Интересно, что на заре авторской греческой литературы мы встречаем поэтов, чрезмерно увлеченных как раз надеждой на силу личного имени как магического знака литературной собственности. Фон для этих фактов — распространение обычая ставить подписи художников, например, на вазах и прочих изделиях[141]. Сравнительно жесткий характер греческой просодии порождал иллюзию, что имя, введенное в просодические матрицы — знак, которого нельзя ни стереть, ни подделать. И вот Фокилид монотонно начинал одно стихотворное изречение за другим словами: «и это — Фокилидово» (και τόδε Φωκυλίδου, вариант Φωκυλίδεω). Например: «И это Фокилидово: Леросцы дурны, и не так, что один — да, другой — нет; дурны все, кроме Прокла; но и Прокл — леросец» (фрагм. 1D); «И это — Фокилидово: что толку родиться благородным, если нет прелести ни в словах, ни в мысли» (фрагм. 3D). Другой мастер дидактических двустиший, Феогнид, менее тривиально придал значение «печати», удостоверяющей права его литературной собственности, личному имени любимого им юноши Кирна, сына Поли- пая. «Кирн, когда я умствую, пусть на словах моих покоится печать (σφρηγίς), дабы никто не смог ни украсть их тайком, ни подменить доброе — дурным (19—21). Ирония истории состоит в том, что именно творчество Феогнида и Фокилида породило особенно много подражаний и подделок; «под Фокилида» было уже в первые века нашего летосчисления, не без воздействия иудейской традиции, сочинено пространное дидактическое стихотворение. Происшедшему не приходится удивляться; Феогнид был, с нашей точки зрения, автор яркий и оригинальный, Фокилид — не очень, но оба они работали в жанре поучительного афоризма, с точки зрения истории литературных форм не столь уж далекого от мира «Книги Притчей Соломоновых», вообще от ближневосточной словесности. Жанр этот множеством нитей связан с установкой на авторитет, на циклизацию наличного в традиции и заново входящего в состав традиции материала вокруг символически значимого имени. Хитрость Феогнида, в общем, удалась сравнительно больше; специалисты до сих пор принимают во внимание наличие или отсутствие имени Кирна при обсуждении весьма дискуссионного вопроса об аутентичной части дошедшего под именем Феогнида наследия.

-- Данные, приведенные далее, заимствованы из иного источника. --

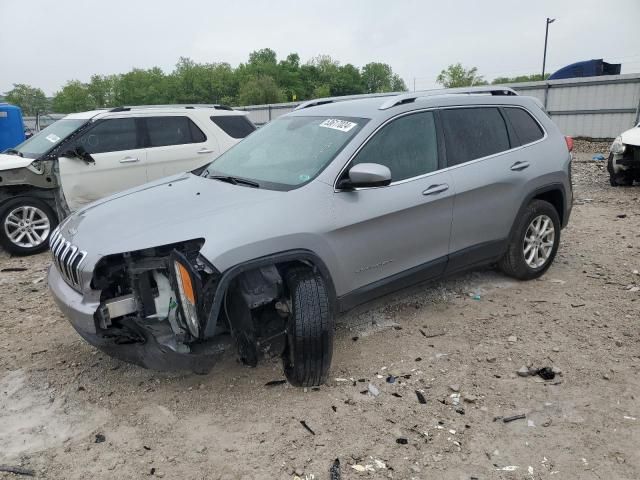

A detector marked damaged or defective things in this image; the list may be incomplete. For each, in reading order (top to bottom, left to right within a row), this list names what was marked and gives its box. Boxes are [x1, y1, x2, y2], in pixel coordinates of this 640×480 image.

wrecked vehicle [0, 105, 255, 255]
exposed headlight assembly [608, 136, 624, 155]
wrecked vehicle [608, 122, 640, 186]
wrecked vehicle [47, 86, 572, 386]
damaged jeep cherokee [47, 86, 572, 386]
crumpled front bumper [49, 264, 230, 374]
exposed headlight assembly [170, 251, 202, 338]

Этот казус очень интересен как пограничный. Поэты вкладывают в употребление имени как «печати» всю остроту новооткрытого пафоса личного авторства; но механизмы традиции отчуждают имя в свою пользу. Эта игра будет повторяться в дальнейшей истории литературы вновь и вновь. Однако ее исход окажется во многом зависящим от свойств жанровой формы. Поэзия метрически организованного афоризма, столь характерная для «вечного» Востока, — по слову Пушкина, «четки мудрости златой», — создает условия, в которых границы индивидуального авторства с трудом прочерчиваются и легко закрываются новыми всходами. Это европейским читателям рубайят Омара Хайяма, изначально прочитавшим их в переводе и в подборке Эдварда Фитцджеральда, померещилось, будто с их личной характерностью дело обстоит так ясно и просто; но ориенталисты не поощряют иллюзий на сей счет. Довольно безнадежно смотрит наука на возможность атрибуции или хотя бы датировки большого числа греческих дидактических эпиграмм: уж не будем говорить об эпиграммах, дошедших под именами Эпихар- ма и Праксителя, Алкивиада и Сократа, — но что делать, если текст, на котором основаны иные характеристики известного эпиграмматиста III в. до н. э. Посидиппа[142], принадлежит то ли ему, то ли Платону Комику, то ли Кратету Кинику?[143] Учительный афоризм имеет свойство быть «ничьим» — как пословица, как острота. Но греческая литература создала совсем иные жанры, где явление крупной авторской личности оказывалось неповторимым и необратимым событием, изменяющим облик жанра: здесь прежде всего следует назвать трагедию. Эсхил,

Софокл, Еврипид — индивидуальность каждого из этих поэтов была лицом определенной стадии развития трагической поэзии; и если исторический срок расцвета жанра был столь кратким, это случилось потому, что в творчестве Еврипида личное начало мощно перевесило весомость канонов жанра, выходя к новым формальным возможностям. Самый объем понятия «трагедия» менялся от Эсхила к Софоклу и от Софокла к Еврипиду: поэтика Еврипида не просто стоит рядом с поэтикой Эсхила, но ее оспаривает — это сумел понять уже Аристофан в «Лягушках».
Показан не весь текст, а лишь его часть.